BICO
DE ANU-PRETO
Francisco Pascoal Pinto de Magalhães
Asa-branca, arribaçã, carão, cancão, carcará, rolinha fogo-pagou, sangue-de-boi. Pássaros do meu sertão. Bichos de canto e pena. Beleza cantada em prosa e verso pelos cantadores cegos e poetas do cordel, e caçada impiedosamente pelos meninos com suas estilingues e arapucas.
Estes pequenos aprendizes do perverso, quando começam a mudar a voz e nascer pelos embaixo do sovaco e outras partes pudendas, declaram aberta a temporada de caça ao pássaro anu-preto. A estória de que o pó do bico do anu tem propriedades mágicas de sedução é do tempo do onça. Por conta disso é que o pássaro negro - sim, o negro, porque bico de anu-branco não funciona - sofre cruel perseguição.
Morto o pobre anu-preto, arrancam-lhe o bico e torram-no até que vire pó. Um pouco desta poção espalhada sobre o ponto onde a mulher desejada urinou, faz com que ela se ofereça fácil àquele que a deseja.
Assim fez Raimundo, cansado de se inspirar em Joaninha para praticar o vicio solitário.
Quando finalmente conseguiu abater um anu-preto e preparar o bendito pó afrodisíaco, pulou a cerca do quintal de Seo Teodomiro, pai de Joaninha, cheio de libidinosas intenções.
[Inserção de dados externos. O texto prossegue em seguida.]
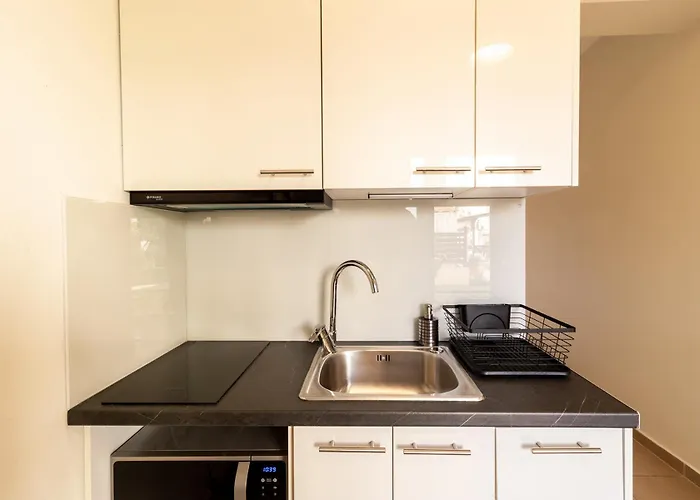 Hotel de apartamente Dafni's Beachfront Luxury Nikiti (Sithonia)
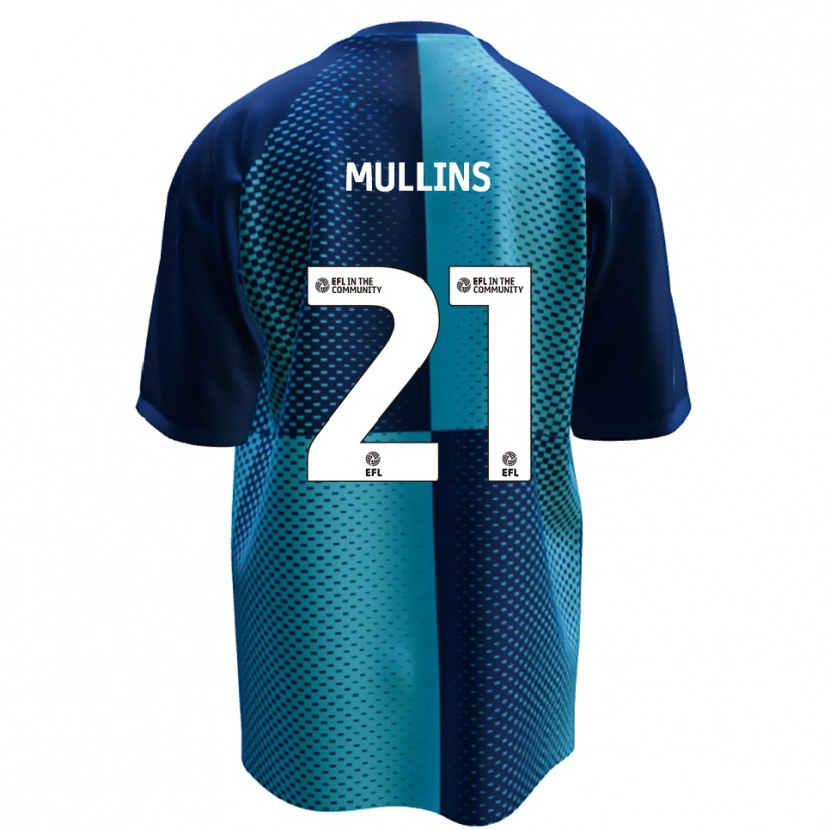 Danxen Kinder Jamie Mullins #21 Blau Himmelblau Heimtrikot Trikot 2025/26 T-Shirt Schweiz
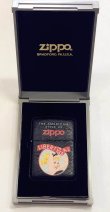 画像4: zippo 革巻き　LIBERTYGAL  黒　1994年製造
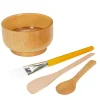 Kit de préparation masque de soin avec recette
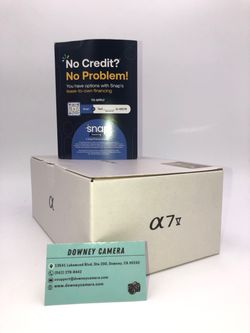 Sony Alpha a7 V with 28-70mm lens kit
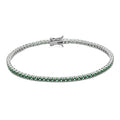 Bracciale Tennis Argento 925‰ Comete Uomo UBR 996 M19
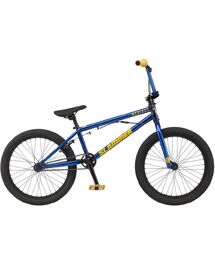 Vélo BMX GT Bicycles 20 Pouces Slammer Electric Blue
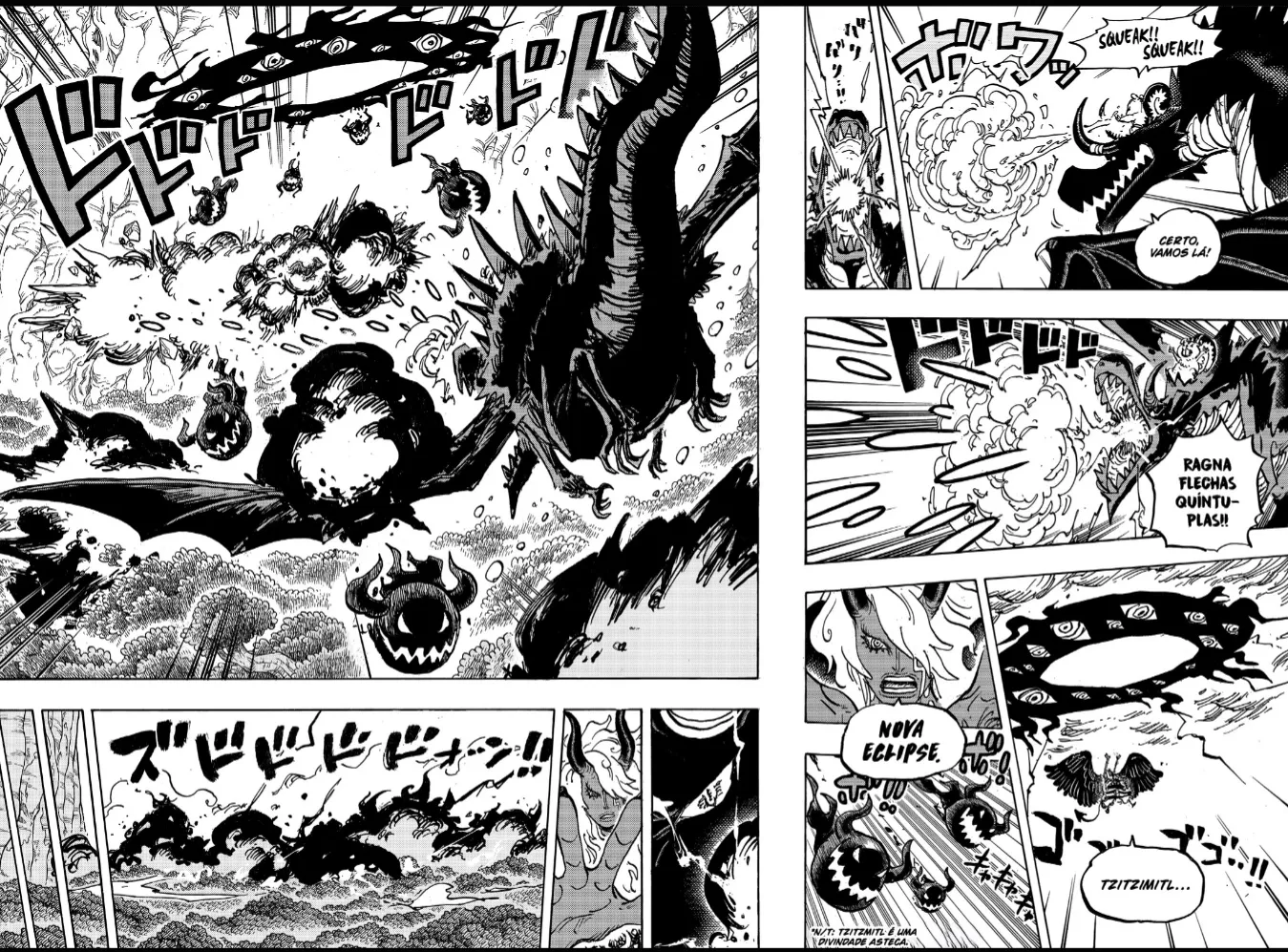 One Piece capítulo 1182 página 4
Era noite. O luar do sertão andava ausente. Ficou de tocaia atrás do chiqueiro das cabras e esperou.
Lá pelas tantas viu um vulto sair da cozinha, esgueirar-se pela escuridão e agachar-se atrás de uma pilha de lenha. Depois ouviu o barulho de cachoeira no chão seco há meses sem ver uma gota de chuva.
"É ela", sorriu. "Toda mulher urina de cócoras. Outra não há na casa além de Joaninha". Dona Sinhá, mãe da moça, era defunta há uma década.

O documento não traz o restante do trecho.